● **What you will do**: Starting at the line with "Marcowa zapaść na rynku AGD" and going on through the line with "Educar en contingencia", reproduce each line in the records below exactly and nothing more.

● **Material shown**:
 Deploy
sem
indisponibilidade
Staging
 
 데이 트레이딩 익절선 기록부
==
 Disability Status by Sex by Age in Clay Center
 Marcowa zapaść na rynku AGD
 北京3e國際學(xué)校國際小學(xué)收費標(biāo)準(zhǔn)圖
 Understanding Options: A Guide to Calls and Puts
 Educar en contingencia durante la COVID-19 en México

● **Reply**:
 Marcowa zapaść na rynku AGD
 北京3e國際學(xué)校國際小學(xué)收費標(biāo)準(zhǔn)圖
 Understanding Options: A Guide to Calls and Puts
 Educar en contingencia durante la COVID-19 en México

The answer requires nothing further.